What am I expected to do with the information
What do I already know?
What do I need to find out?
Students recall all the facts they know about the question posed. If you are using Inspiration you can use the Rapid Fire button which will enable the students to add more information to each main fact.
The KWL chart stands for K –What do we know?; W –What do we want to know?; L- What have we learned? Students draw on their own knowledge, decide what else they would like to know and then they find the answers to those questions.
Stage 2 ‘Understanding’ ‘Searching & Finding’ ‘Define" ‘Information Strategies’
What sort of information do I want? Pictures? Diagrams? Opinions? Interviews? Pamphlets?
Where could I find this sort of information? - a person, a library, a book, a computer, TV?
Can I find this information using catalogues, indexes, computers?
Internet search words
The Question Keywords
This is one method for finding keywords. From the initial question write all the possible reasons or answers that could answer the main question. Use the colour code to identify which answers are more probable and then highlight the nouns and verbs, these will be the keywords.
The Internet Search words diagram assists students to find keywords they can use for their research. Students write a research question and from that question they have to devise more memory and convergent questions that may help them to identify their keywords. Once they have answered the questions they pick out the words that might best be their research keywords.
When searching on the internet you can receive millions of hits, but the more pertinent keywords you use will minimize the hits. From the initial question type in some keywords in the boxes, use a thesaurus or right click on keyword using Word or Inspiration 8 to find synonyms.
Stage 3 ‘Applying’ ‘Using & Finding’ ‘Location & Access’
What do these resources tell me about what I need to know?
Do I have the skills to extract the information using skimming, scanning, keywords?
What do we know?
Use these starters to design questions to ask in a survey or when interviewing another person.
Students are very able to find internet sites with information but they have difficulty turning that information into their own. Before they even start looking at the internet they need to formulate the question that will give them keywords to search with. Using the mindmap format they type in what they already know. They will then need to choose one of the ideas they have stated that they would like to know more about and generate a question around that.
Students can find keywords to use in further research by using what they already know. Depending on the topic decide on what criteria is needed to extract the keywords. Examples of criteria are: characteristics, habitat, food, description, size, feelings etc.
Finding Relevant Text
Use keywords to find information on web pages. In this format teachers are able to see if the children can form a question, find keywords, find appropriate information from a website and then write new information using what they have found.
Stage 4 ‘Analysing’ ‘Recording’ ‘Use of Information’
What do I need to make a note of?
Can I use layout, tabulation, punctuation, diagrams?
Can I organize my notes by indexing and filing them?
Fact and Opinion
The KWHL chart has an extra column where students acknowledge where they are going to get their knowledge from. Titles from books and hyperlinks to websites can be added here
This example is an overall assessment of a student’s research process. The teacher is able to see what the original question was, what the keywords and criteria were, URL links to the information are recorded and hyperlinks to the Word/Pages/ App that has their notes, and to the final presentation of the information.
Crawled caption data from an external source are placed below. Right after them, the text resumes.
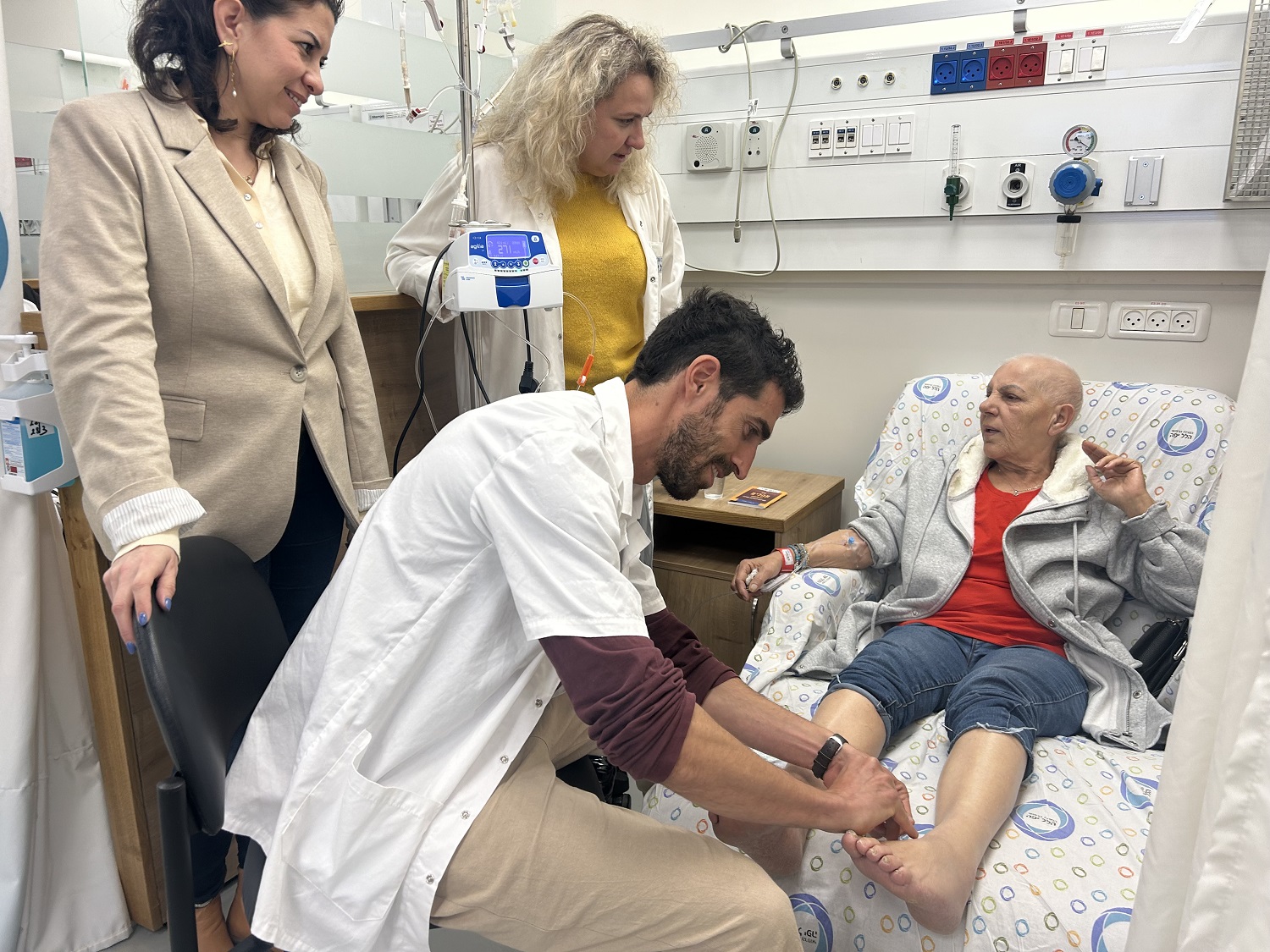 Acupuncture treatment at the Oncology Institute at Hillel Yaffe Medical Center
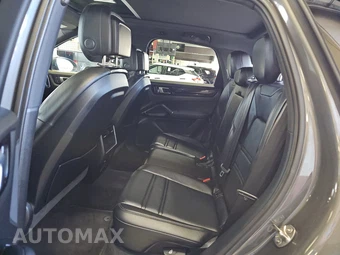 2023 Porsche Cayenne - miniatura 13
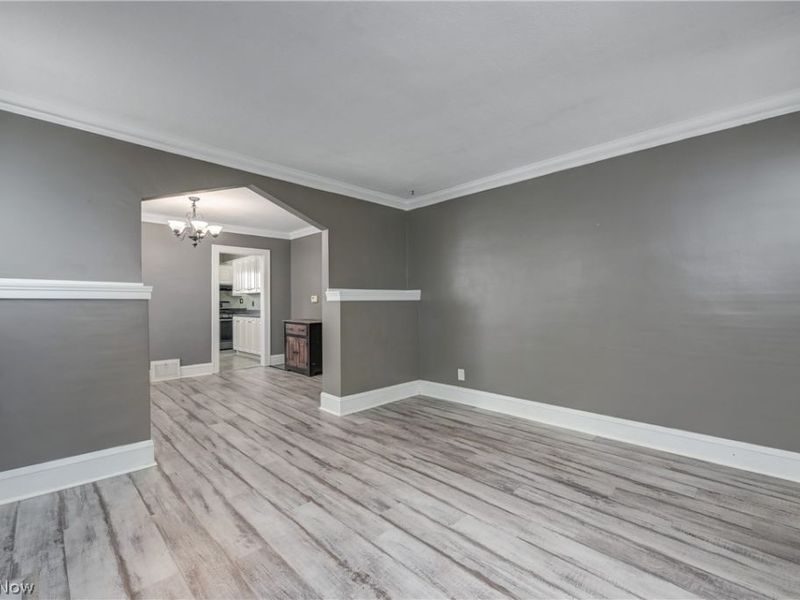 7615 Newport Avenue, Parma, OH 44129 Photo 6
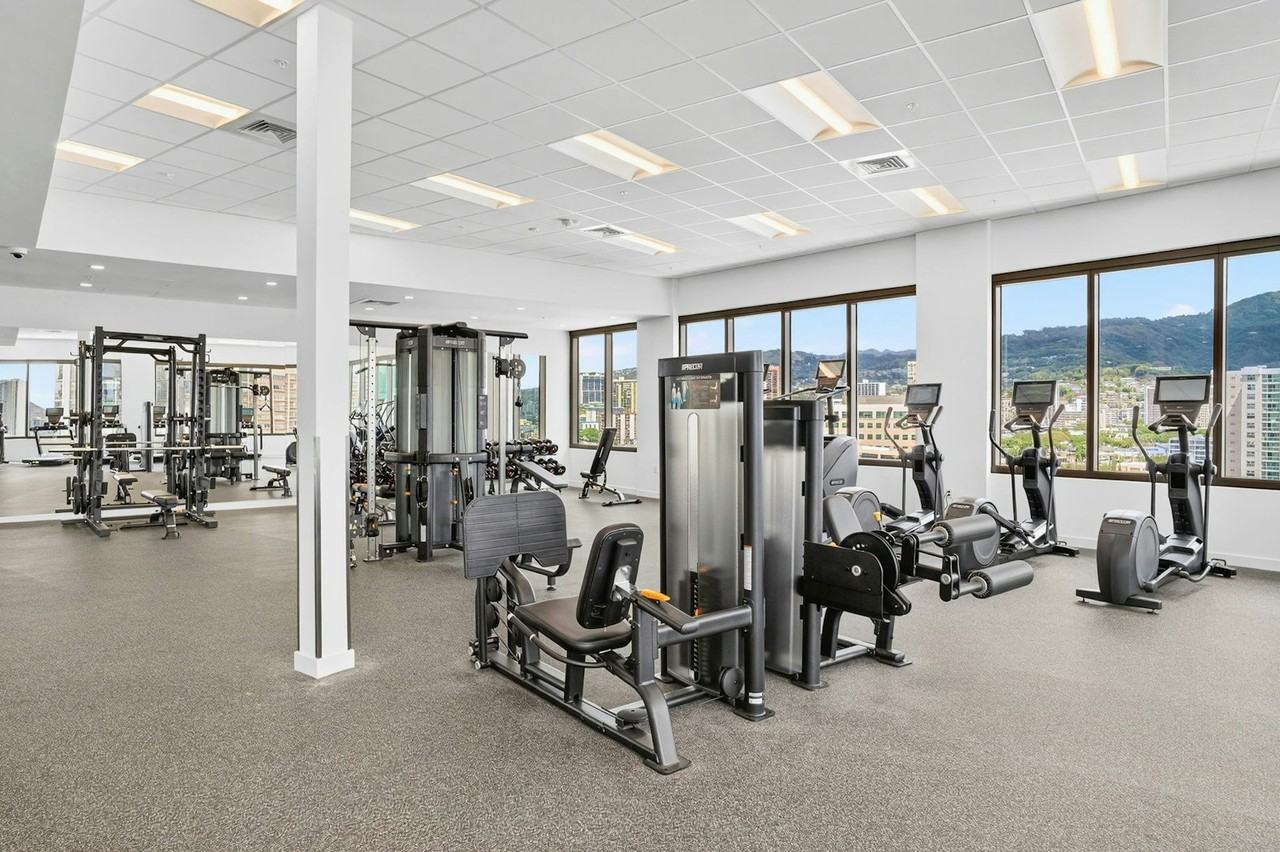 1515 Liona Street, Unit 2109 - Photo 7 of 20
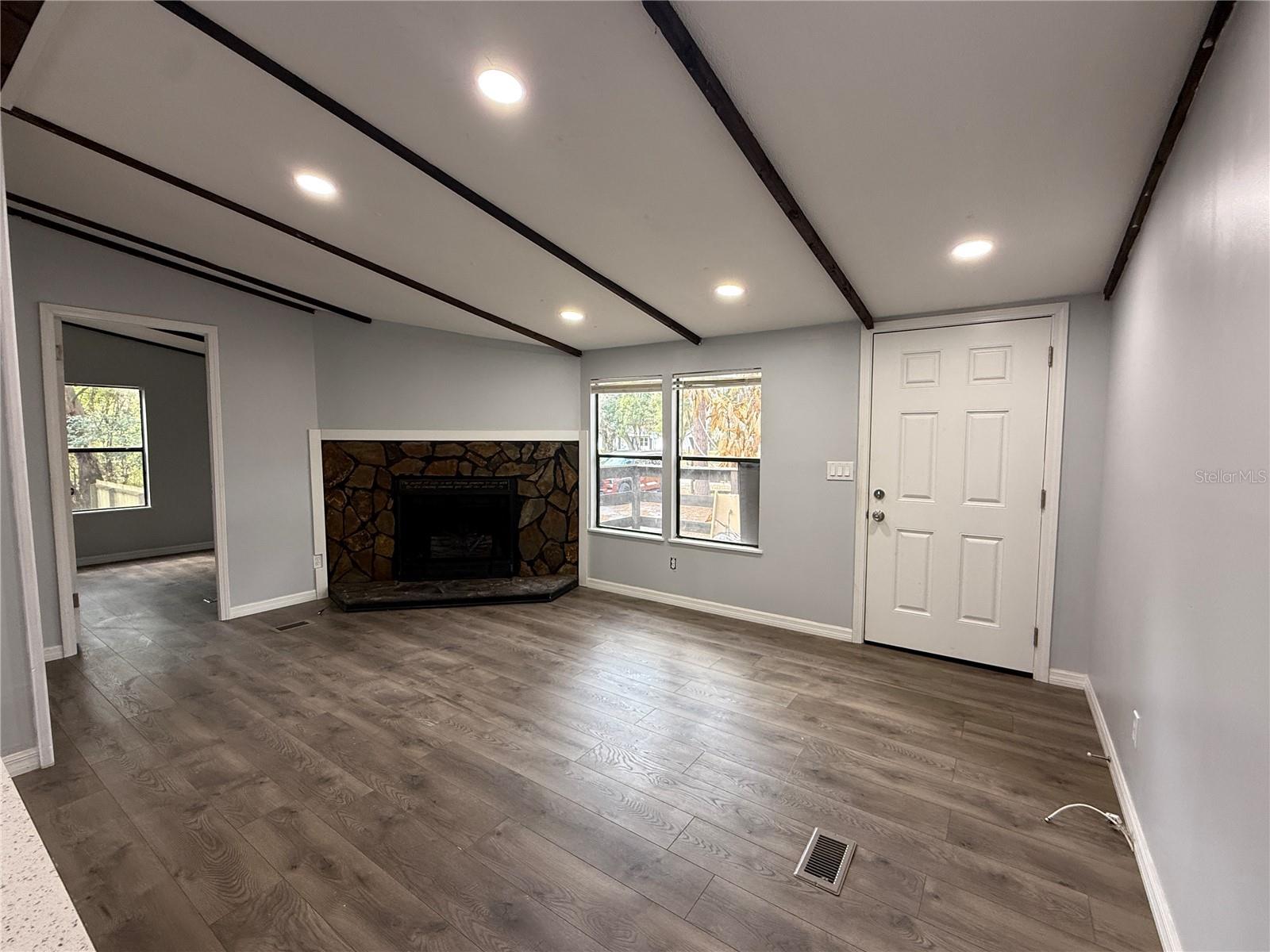 LAKESIDE ESTATES - Residential Lease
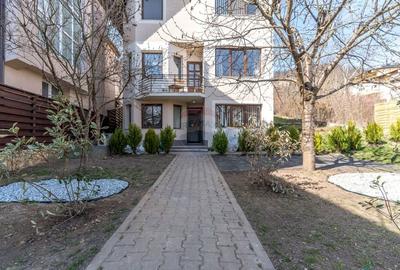 Casă cu 7 camere cu Teren 700 Mp în Grigorescu - 1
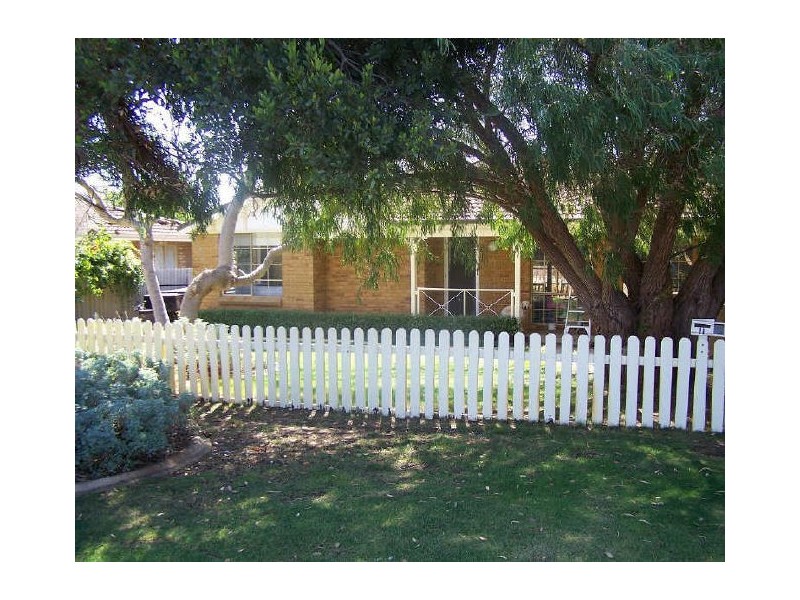 11 Jubilee Drive, Waikiki WA 6169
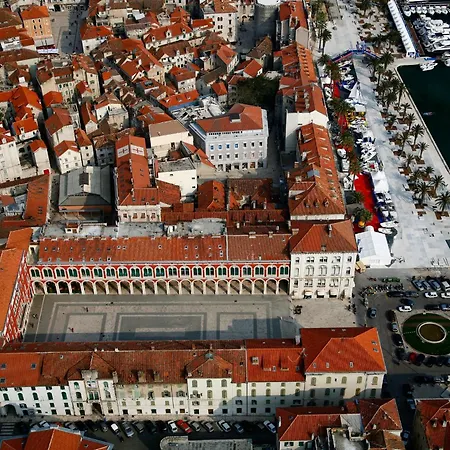 Marmontova Luxury Split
This graphic organiser helps students to identify clues to how authentic a site is.
What is Fact or Opinion
Similarities and Differences
Sometimes students can have difficulty identifying what is fact or opinion in a piece of writing. Use this graphic organiser to help them sort the sentences into Facts or Opinions.
Similarities and differences compare qualities and characteristics. Students need to be able to categorise what is the same and what is different, once they have that information they can present their findings as a summary.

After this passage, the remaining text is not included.